Report of the Rutgers University Libraries
Task Force on Liaison Relationships
Connie Wu, Chair
Myoung Chung Wilson
Following is the revised text of a report submitted by the Task Force on Liaison Relationships at Rutgers University Libraries(RUL). The Task Force was appointed in May 1991 by the then Vice President for Information Services and University Librarian Joanne Euster and was charged with exploring and formulating solutions in two related areas: 1) To develop a model which described the major components of a successful liaison relationship and 2) To propose methods for fostering effective liaison between librarians and academic departments and faculty.
The members of the Task Force reviewed related literature and conducted a survey among 44 subject specialists at RUL. In October 1991, a report with recommendations and suggestions was submitted for discussion and review.
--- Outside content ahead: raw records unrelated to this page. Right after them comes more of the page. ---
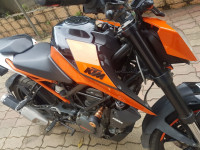 KTM Duke 250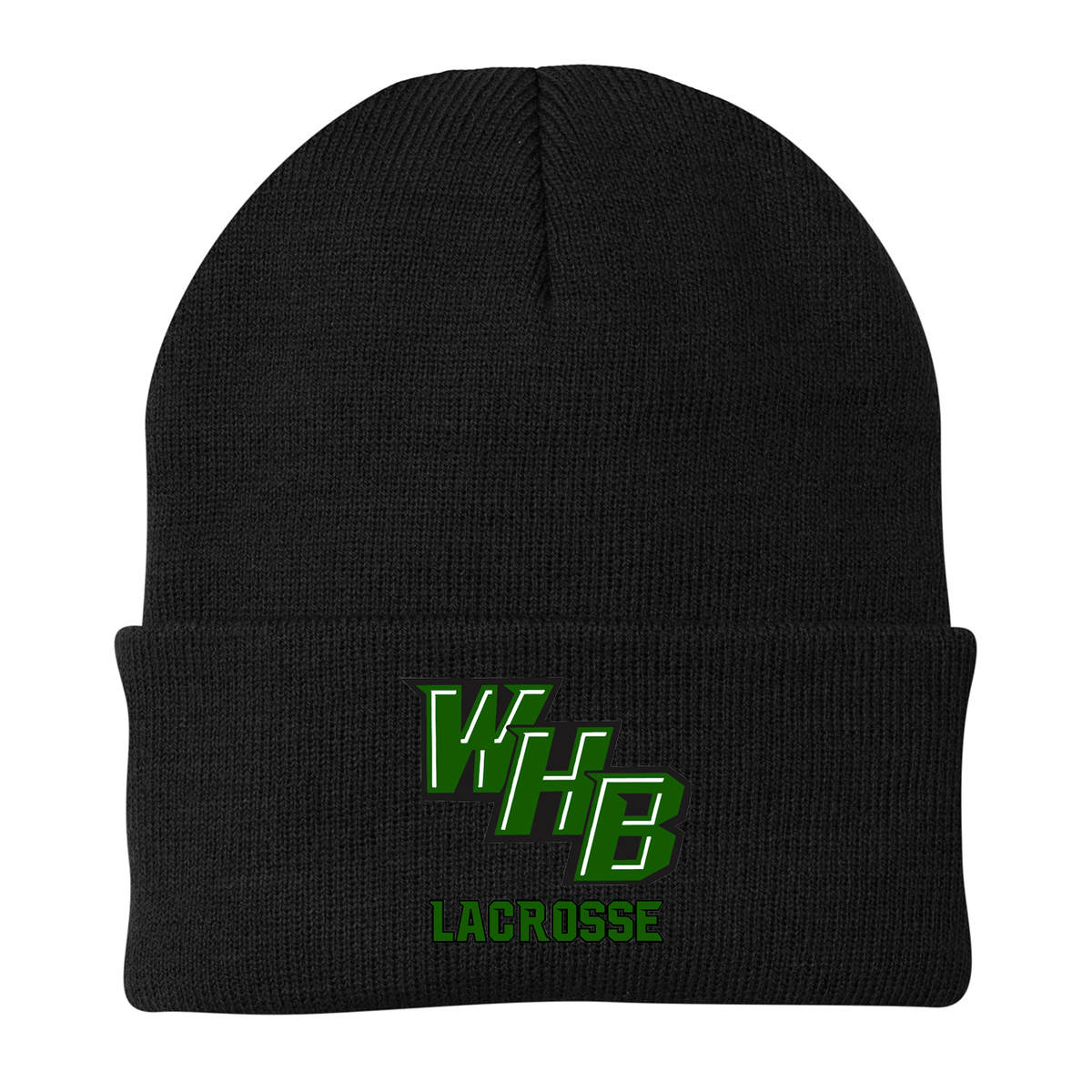 Westhampton Beach PAL Lacrosse Knit Beanie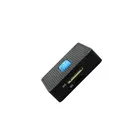 USB 3.0 Square Shape Card Reader for SD/SDXC/MS/CF USB 3.0 Card Reader
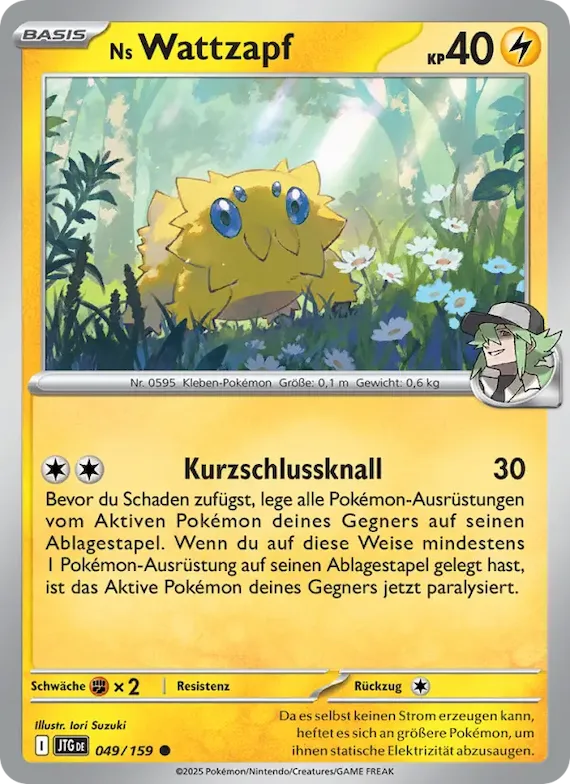 Ns Wattzapf 49 – Reisegefährten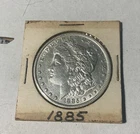 1885 Morgan Silver Dollar Uncirculated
The report has been distributed widely. Within the libraries, the report was discussed at various library forums and was accepted as a "toolkit" for use in developing working relationships with the teaching faculty. Outside of the libraries, the report was distributed to many university faculty committees. In response to the report, the chair of the Rutgers New Brunswick Campus Faculty Council Library Committee solicited faculty viewpoints. Responses were obtained from 21 departments. The University Senate unanimously adopted a resolution "...that this report be made available to all research, instructional, and service units, so that they may discuss the reciprocal responsibilities of individual faculty members and departments, and communicate, as they find appropriate, with the librarians about their discussions."
Rutgers, the State University of New Jersey, is a large, public teaching and research institution located on three regional campuses in New Brunswick, Newark, and Camden. 47,000 students, of which more than 14,000 are graduate students attend the university and there are over 2,000 faculty. Ph.D degrees are offered in 61 fields. The largest campus is in New Brunswick where the most of the graduate programs and research institutes are located.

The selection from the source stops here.